Managing our emotions after the loss of a child or pregnancy

The loss of a child or pregnancy can take you to all ends of the emotional spectrum.

Amazingly, a human being can experience almost 34,000 different emotions. And at certain stages of grieving my losses, I think I felt all 34,000 of them.

The complexity of grief and loss means our emotional responses and the stages of grief are often unpredictable.

The Kubler-Ross Model of Grief, and what grieving actually feels like.

The Kubler-Ross Model of Grief, and what grieving actually feels like.

A gentle exploration to understand your emotions, learning skills in how to manage them and using them to your advantage can turn what is often a harrowing experience into a more empowering one. 

The Primary Emotions 

Our Primary Emotions are the body’s first response to stimuli, and are often easy to identify as they are felt so strongly. They are fear, happiness, sadness, anger, surprise and disgust. 

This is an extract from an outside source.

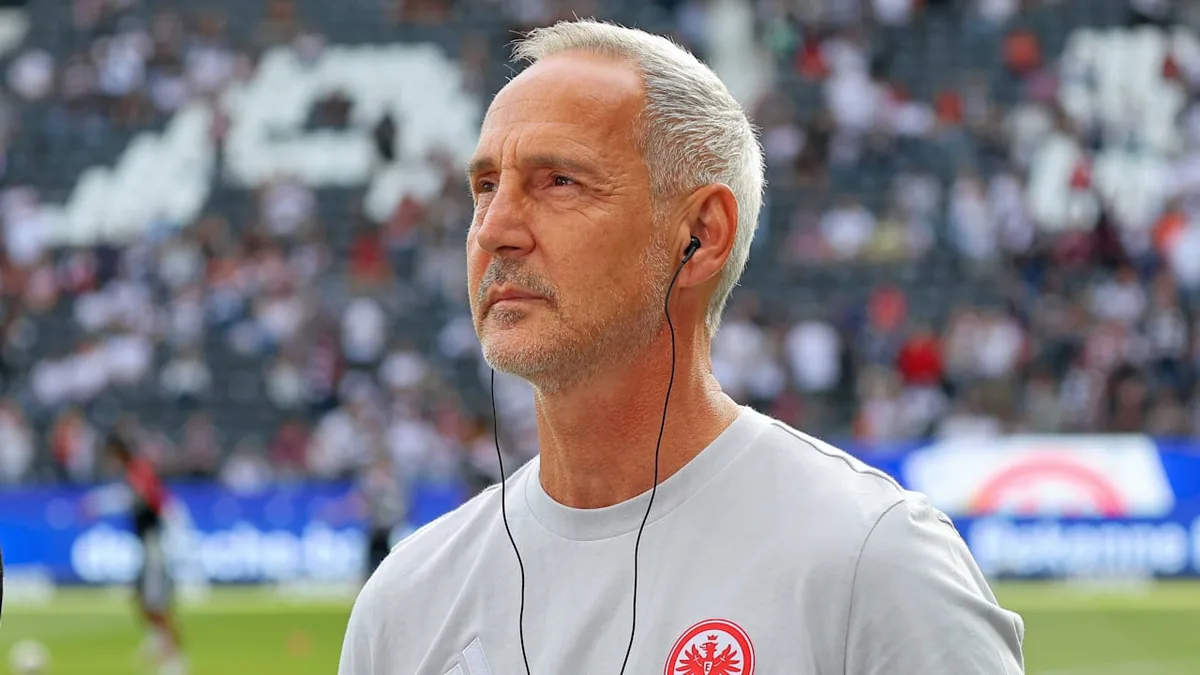 Nach Hütters Anführer-Rüge - ER spricht plötzlich wie ein Eintracht-Kapitän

When asked what we are feeling, a more generalised descriptor such as angry or sad often comes to mind, as they are the easiest to access.

The Emotions Wheel 

The Emotions Wheel is an effective tool to enable us to identify the deeper emotions that sit behind a Primary Emotion. With this information, we can more effectively:

  • Uncover more accurate feelings and emotions that better describe our current mood or behaviour during the grieving process

  • Provide insight to help us to process the emotions more mindfully and constructively

  • Allow others to understand and support us more effectively through our grief

The Emotions Wheel

The Emotions Wheel

Using the Emotions Wheel

Ask yourself:

How am I feeling right now?

Looking at the emotions wheel below, identify the feeling you are experiencing today on

the outer ring and rate the intensity of the feeling. 

Weight the feeling with a modifier: just a little, quite, very, extremely. Drill down further to middle of the wheel to unearth what the Primary Emotion is attached to what you are experiencing.

You can also use the Emotions Wheel in the opposite direction.

Start in the middle if you are having trouble describing how you are feeling today. You might be experiencing a whole range of emotions that might be overwhelming you, confusing you or creating stress. Then drill down by moving to the outer edges of the wheel in the same colour wedge, to try and explain your emotions with more depth and meaning.

Ask yourself:

Why are you feeling that way? What is influencing you to feel that way?

How are you letting that emotion come and go in your life, without holding it down,

glossing over it, pretending it’s not there? How does this emotion help you to honour your experience as a mother, or the legacy of your child? 

Try writing this little exercise down as a prompt:

I am feeling:

Which on first thought looked like:

(The Primary Emotion in the centre ring).

I think I am feeling this way because:


Losing a child is the most difficult event anyone can experience. Developing more sophisticated habits around managing, expressing and using our emotions will not only help build emotional intelligence to support ourselves through the loss of our child and pregnancy, but build this skill for our future or existing children.

Emotional intelligence helps us to understand and articulate the emotions that are the most challenging, and heart wrenching.